*** RECORDED INFORMATION ***

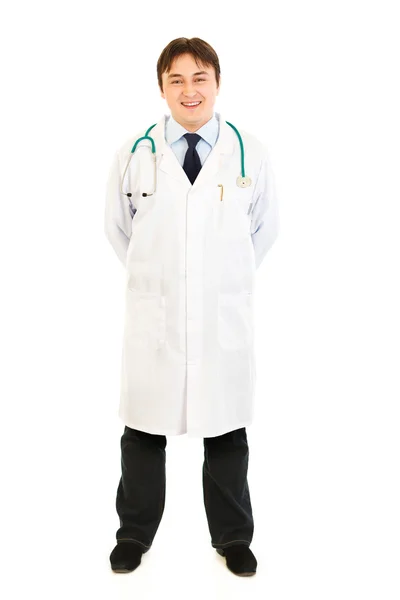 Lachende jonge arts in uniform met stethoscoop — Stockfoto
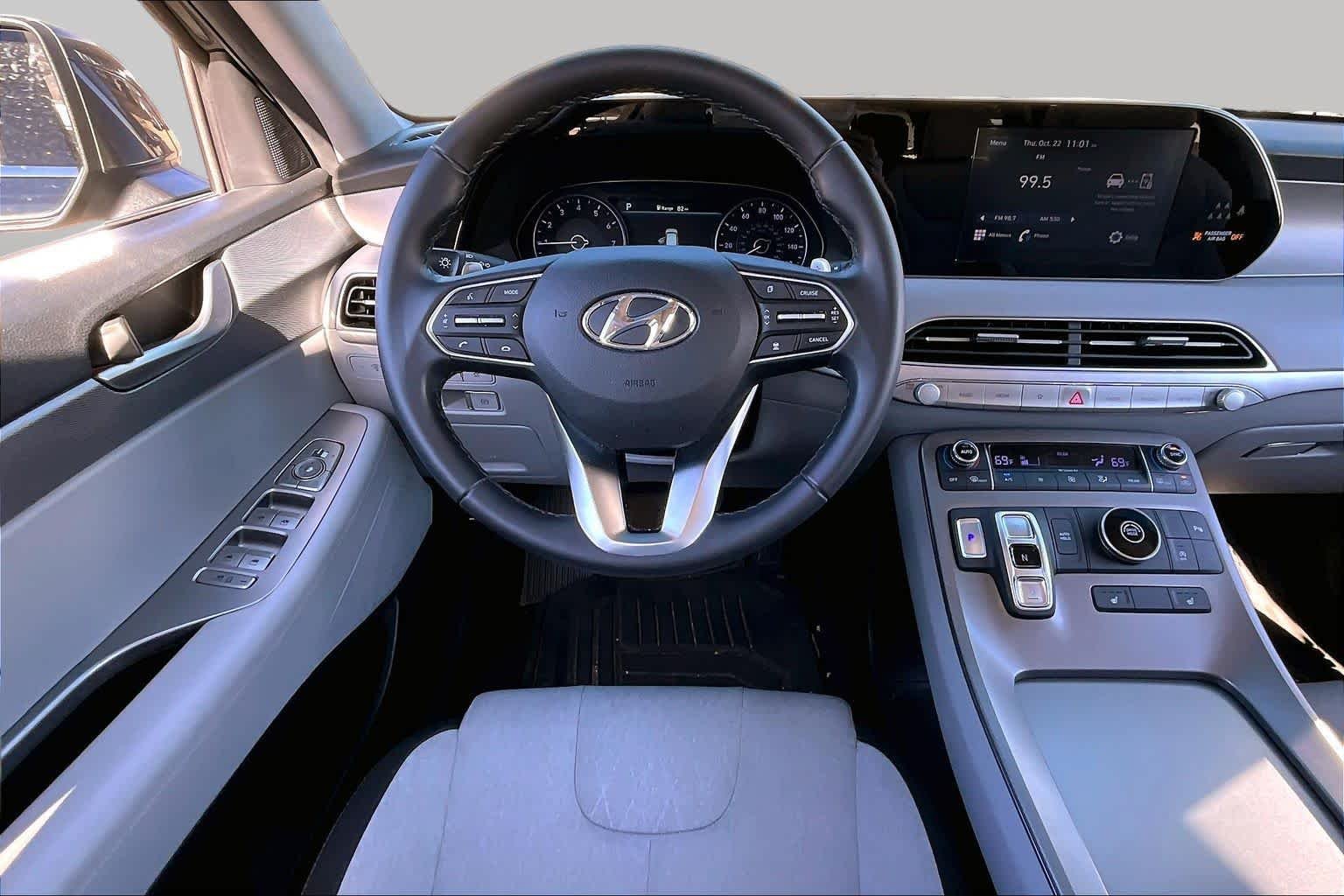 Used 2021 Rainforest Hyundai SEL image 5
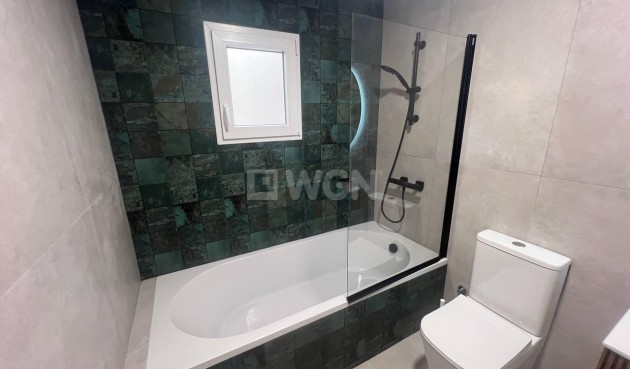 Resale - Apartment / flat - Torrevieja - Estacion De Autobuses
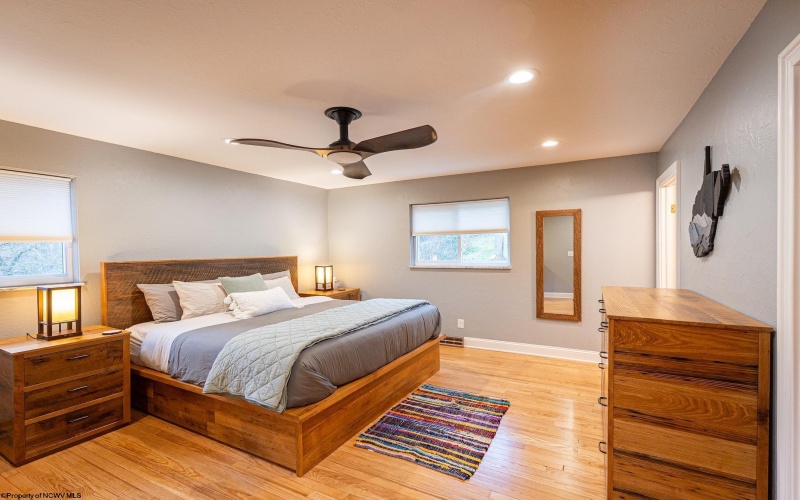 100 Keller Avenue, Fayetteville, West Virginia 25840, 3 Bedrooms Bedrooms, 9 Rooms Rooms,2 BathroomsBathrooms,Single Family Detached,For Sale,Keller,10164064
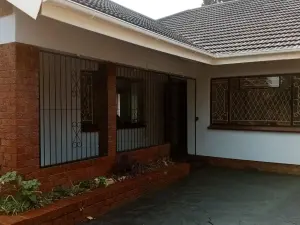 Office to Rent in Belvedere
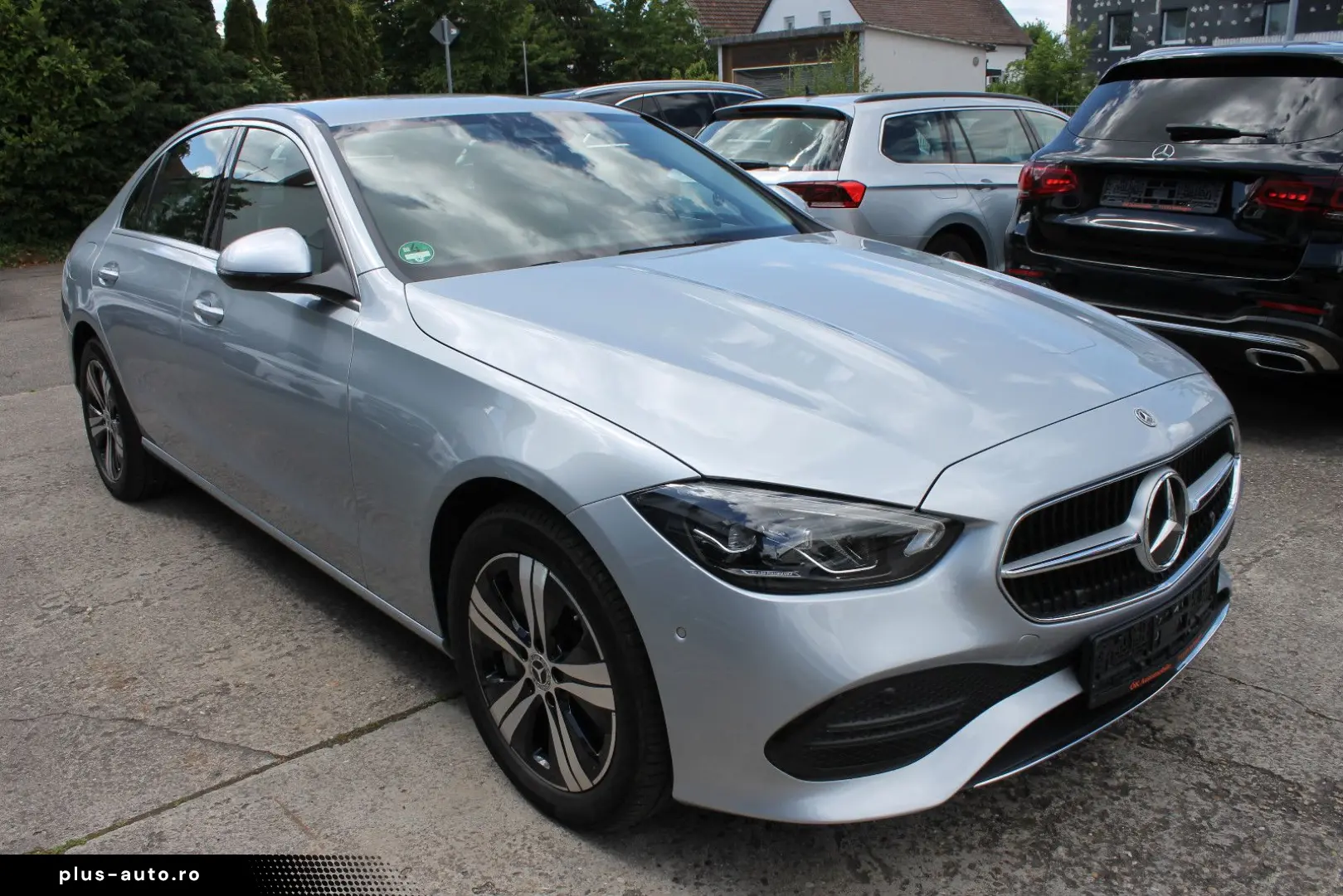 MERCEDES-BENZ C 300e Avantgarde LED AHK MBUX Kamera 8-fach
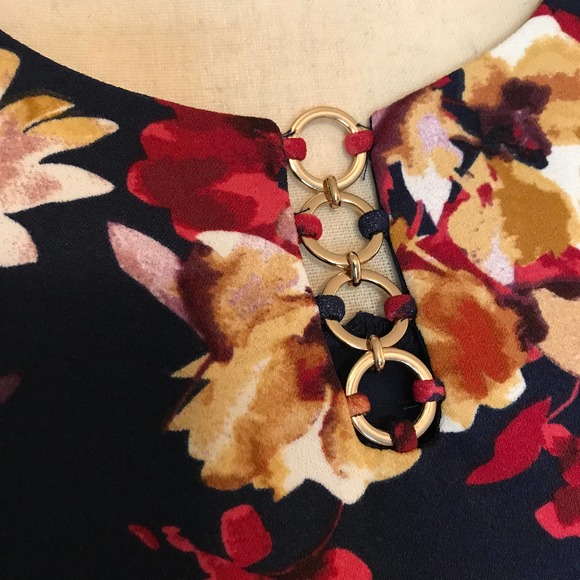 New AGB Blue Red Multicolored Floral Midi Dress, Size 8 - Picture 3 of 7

*** End of RECORDED INFORMATION ***
*** RECORDED INFORMATION ***

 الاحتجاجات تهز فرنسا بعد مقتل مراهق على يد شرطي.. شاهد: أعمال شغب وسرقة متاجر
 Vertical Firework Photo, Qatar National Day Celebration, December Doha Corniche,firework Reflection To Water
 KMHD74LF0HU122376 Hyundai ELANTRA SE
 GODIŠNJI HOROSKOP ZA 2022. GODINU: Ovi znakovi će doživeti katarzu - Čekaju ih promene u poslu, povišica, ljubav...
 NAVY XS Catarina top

*** End of RECORDED INFORMATION ***
*** RECORDED INFORMATION ***

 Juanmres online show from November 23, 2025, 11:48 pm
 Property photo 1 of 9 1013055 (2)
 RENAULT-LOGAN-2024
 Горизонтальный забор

*** End of RECORDED INFORMATION ***

Extract the part of the records that opens with the line containing "Lachende jonge arts" and closes with the line containing "New AGB Blue". Take only those lines, exactly, and no pictures.

 Lachende jonge arts in uniform met stethoscoop — Stockfoto
 Used 2021 Rainforest Hyundai SEL image 5
 Resale - Apartment / flat - Torrevieja - Estacion De Autobuses
 100 Keller Avenue, Fayetteville, West Virginia 25840, 3 Bedrooms Bedrooms, 9 Rooms Rooms,2 BathroomsBathrooms,Single Family Detached,For Sale,Keller,10164064
 Office to Rent in Belvedere
 MERCEDES-BENZ C 300e Avantgarde LED AHK MBUX Kamera 8-fach
 New AGB Blue Red Multicolored Floral Midi Dress, Size 8 - Picture 3 of 7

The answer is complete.